Top of Data in this exercise
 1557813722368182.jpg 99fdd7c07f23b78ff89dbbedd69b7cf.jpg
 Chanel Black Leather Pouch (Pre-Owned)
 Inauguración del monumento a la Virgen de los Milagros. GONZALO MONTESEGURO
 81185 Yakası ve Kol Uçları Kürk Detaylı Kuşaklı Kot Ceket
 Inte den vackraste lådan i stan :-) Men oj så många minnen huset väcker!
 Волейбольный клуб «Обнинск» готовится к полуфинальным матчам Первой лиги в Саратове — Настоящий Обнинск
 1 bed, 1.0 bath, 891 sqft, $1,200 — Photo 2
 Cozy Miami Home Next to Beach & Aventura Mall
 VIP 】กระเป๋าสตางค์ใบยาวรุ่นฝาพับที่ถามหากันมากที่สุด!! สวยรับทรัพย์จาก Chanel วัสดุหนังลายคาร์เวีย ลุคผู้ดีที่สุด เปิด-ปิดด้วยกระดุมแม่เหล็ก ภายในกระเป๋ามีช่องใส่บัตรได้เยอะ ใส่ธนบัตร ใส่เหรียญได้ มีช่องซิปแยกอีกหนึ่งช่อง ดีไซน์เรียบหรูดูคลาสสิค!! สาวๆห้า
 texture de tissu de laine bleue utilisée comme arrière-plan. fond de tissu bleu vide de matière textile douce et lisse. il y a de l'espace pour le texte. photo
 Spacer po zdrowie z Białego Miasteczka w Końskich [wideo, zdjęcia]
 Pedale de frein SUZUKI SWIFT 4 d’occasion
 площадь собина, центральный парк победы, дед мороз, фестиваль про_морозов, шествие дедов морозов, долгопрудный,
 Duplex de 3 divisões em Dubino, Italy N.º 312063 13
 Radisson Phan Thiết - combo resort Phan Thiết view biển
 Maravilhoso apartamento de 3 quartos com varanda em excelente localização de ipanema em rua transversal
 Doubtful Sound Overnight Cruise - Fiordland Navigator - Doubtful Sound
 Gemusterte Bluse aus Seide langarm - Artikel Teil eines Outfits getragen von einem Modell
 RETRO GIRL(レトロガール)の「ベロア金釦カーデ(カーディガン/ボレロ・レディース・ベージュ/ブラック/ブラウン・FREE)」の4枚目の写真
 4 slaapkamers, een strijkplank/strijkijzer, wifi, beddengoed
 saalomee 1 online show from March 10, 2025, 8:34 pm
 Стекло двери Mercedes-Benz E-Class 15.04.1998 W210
Bottom of Data in this exercise
#### Work to complete:
Print the material once more, exactly as it appears.

#### Task result:
 1557813722368182.jpg 99fdd7c07f23b78ff89dbbedd69b7cf.jpg
 Chanel Black Leather Pouch (Pre-Owned)
 Inauguración del monumento a la Virgen de los Milagros. GONZALO MONTESEGURO
 81185 Yakası ve Kol Uçları Kürk Detaylı Kuşaklı Kot Ceket
 Inte den vackraste lådan i stan :-) Men oj så många minnen huset väcker!
 Волейбольный клуб «Обнинск» готовится к полуфинальным матчам Первой лиги в Саратове — Настоящий Обнинск
 1 bed, 1.0 bath, 891 sqft, $1,200 — Photo 2
 Cozy Miami Home Next to Beach & Aventura Mall
 VIP 】กระเป๋าสตางค์ใบยาวรุ่นฝาพับที่ถามหากันมากที่สุด!! สวยรับทรัพย์จาก Chanel วัสดุหนังลายคาร์เวีย ลุคผู้ดีที่สุด เปิด-ปิดด้วยกระดุมแม่เหล็ก ภายในกระเป๋ามีช่องใส่บัตรได้เยอะ ใส่ธนบัตร ใส่เหรียญได้ มีช่องซิปแยกอีกหนึ่งช่อง ดีไซน์เรียบหรูดูคลาสสิค!! สาวๆห้า
 texture de tissu de laine bleue utilisée comme arrière-plan. fond de tissu bleu vide de matière textile douce et lisse. il y a de l'espace pour le texte. photo
 Spacer po zdrowie z Białego Miasteczka w Końskich [wideo, zdjęcia]
 Pedale de frein SUZUKI SWIFT 4 d’occasion
 площадь собина, центральный парк победы, дед мороз, фестиваль про_морозов, шествие дедов морозов, долгопрудный,
 Duplex de 3 divisões em Dubino, Italy N.º 312063 13
 Radisson Phan Thiết - combo resort Phan Thiết view biển
 Maravilhoso apartamento de 3 quartos com varanda em excelente localização de ipanema em rua transversal
 Doubtful Sound Overnight Cruise - Fiordland Navigator - Doubtful Sound
 Gemusterte Bluse aus Seide langarm - Artikel Teil eines Outfits getragen von einem Modell
 RETRO GIRL(レトロガール)の「ベロア金釦カーデ(カーディガン/ボレロ・レディース・ベージュ/ブラック/ブラウン・FREE)」の4枚目の写真
 4 slaapkamers, een strijkplank/strijkijzer, wifi, beddengoed
 saalomee 1 online show from March 10, 2025, 8:34 pm
 Стекло двери Mercedes-Benz E-Class 15.04.1998 W210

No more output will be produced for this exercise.